Today’s raw disappointment is brought to you by Laurent Cantet’s representation of Joyce Carol Oates’ novel Foxfire : Confessions of a Girl Gang. Centred around a group of rebellious fifteen year-old girls in suburban northern New York who start off calling out all of the disgusting perverts in their neighbourhood and then somehow find themselves luring men into places where they can rob them. Shit gets really fucked up along the line and you never really know why. Whether that is intentional or not I wouldn’t be able to tell you. Cantet previously directed The Class (2008) which was apparently awesome since it won the Palme d’Or at Cannes but I find it hard to believe since this is, to put it frankly, a pile of wishy-washy drivel. I guess we all have our off days though… am I right?!

I think the weakest part of the film is the representation of the relationship between all of the girls. Which is pretty g-darn detrimental to the film considering it’s basically an overdramatic exploration of the ideas of rebellion and sisterhood. I felt no sense of sisterhood at all; only the way a middle-aged man imagines teenaged girls to behave. Friendship that is supposed to be that strong cannot simply be expressed through a montage of painting walls or forced girlish squealing as they pour alcohol over their freshly self-made tattoos. The characters are shoved into tightly sealed boxes of feminine stereotypes: the brazen rebellious leader (preferred sexuality: asexual or lesbian plz), the insecure brain on legs, the “I’M FAT AND ANGRY” one, the promiscuous vixen who just wants boiz, the pretty bait, and the one who is so boring I can’t even be bothered thinking of a label (ie is there purely for these other tools to interact with on occasion). It’s especially disappointing when it’s so blatantly obvious how great this film could have been. I didn’t care about any of these girls, because Cantet never gave me a genuine reason to. I felt protective over my femininity when these girls were threatened, but they seemed more like personifications of the cautionary tales you tell girls in high school than any three-dimensional human being that Cantet may have been hoping to achieve.
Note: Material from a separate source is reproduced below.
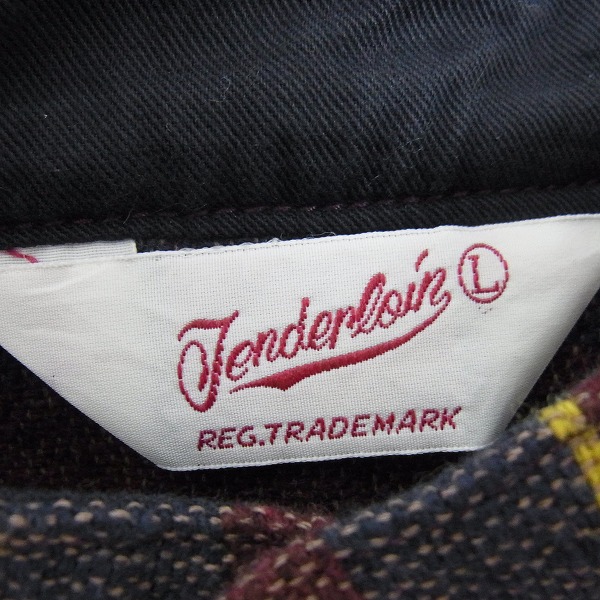TENDERLOIN/テンダーロイン T-BLANKET SHT B ブランケットシャツ ...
For me, this is one of those times where I think “gee, I wonder what this film would have been like if it had been directed by someone else”. And yes, in this case, I do wholeheartedly believe that this film would have been better if it were directed by a woman. Just like I would never attempt to direct Stand By Me, because I have no idea of what it’s like to be a pre-pubescent boy. Also I’m pretty sure someone has already directed it.

Anyway, I’m off to lure a man into an alleyway so me and my friends can beat him up and steal all of his money, because SISTERHOOD.